Yayınını durduran dergilerin, yaptıklarıyla, basın dünyasını harekete geçirmeyi ummaları bizce bir yanılgıydı. Yapılanlarla basın emekçilerini kazanmak amaçlanıyor idiyse bu, zaten gerçekleşmiş bir şey. Kaldı ki basın emekçilerini kazanmanın yolu da bu değil. Basın emekçileri her gün dergilerin yaşadığını yaşıyor. Dolayısıyla onları harekete geçirmenin yolu yayınını durdurmak olmaz. Ama amaç, basını kontrol eden ve çeşitli basın kuruluşlarını elleri altında bulunduranlara “demokratik” görevlerini hatırlatmaksa eğer, bu da yanlış bir çaba olur, çünkü bu odaklar, TC’nin birlik ve bütünlüğü için yayınlanan kararnamelerin içten bir destekçidirler ve devrimci yayın organlarına getirilen bu kısıtlamalara karşı olmadıkları gibi, çeşitli nedenlerden dolayı sevinmektedirler de.
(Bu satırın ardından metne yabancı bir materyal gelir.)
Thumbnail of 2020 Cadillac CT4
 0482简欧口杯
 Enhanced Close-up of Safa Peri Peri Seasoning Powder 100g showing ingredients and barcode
Yukarıda değindiğimiz nedenlerden dolayı, çeşitli dergileri bir araya getiren platformlara, İlk günler çağrılı olarak katıldık. Ne var ki bu dergilerin temsilcileri 413,424 ve 425 sayılı KHK’lara karşı mücadelede uygulanacak yöntemler konusunda özgürlük Dünyası’nın anlayışına ters düşen ve bırakalım başarılı olmalarını, uygulanma şansı da olmayan biçimler önermeye başlayınca adım adım bu platformlardan uzaklaşmaya başladık. Çünkü öneriler, ya “miting düzenlenirse kaç bildiri dağıtacak, mitinge kaç kişi getireceksiniz?” gibi yayın organını yayın organı olarak değil, bir kitle örgütü ya da ona benzer bir başka şey olarak ele alan bir anlayışın ürünüydü ya da “matbaa kuralım” gibi hayalci bir yaklaşımı sergiliyordu. Devrimcilerin, dergilerini, dayanışmalarının ürünü olan bir matbaada bastırmaları iyi bir şeydi de, tüm olanakların birleştirilmesi bile bir rotatif almaya yetmezken, 413. sayılı KHK gereğince matbaa kapatılırsa ne olacaktı? Matbaanın kapatılmasını engelleyecek nasıl bir tılsım vardı? Hem henüz tüm olanaklar tüketilmemişken ve pekâlâ da kararnameye rağmen yayın çıkarmak olanaklıyken…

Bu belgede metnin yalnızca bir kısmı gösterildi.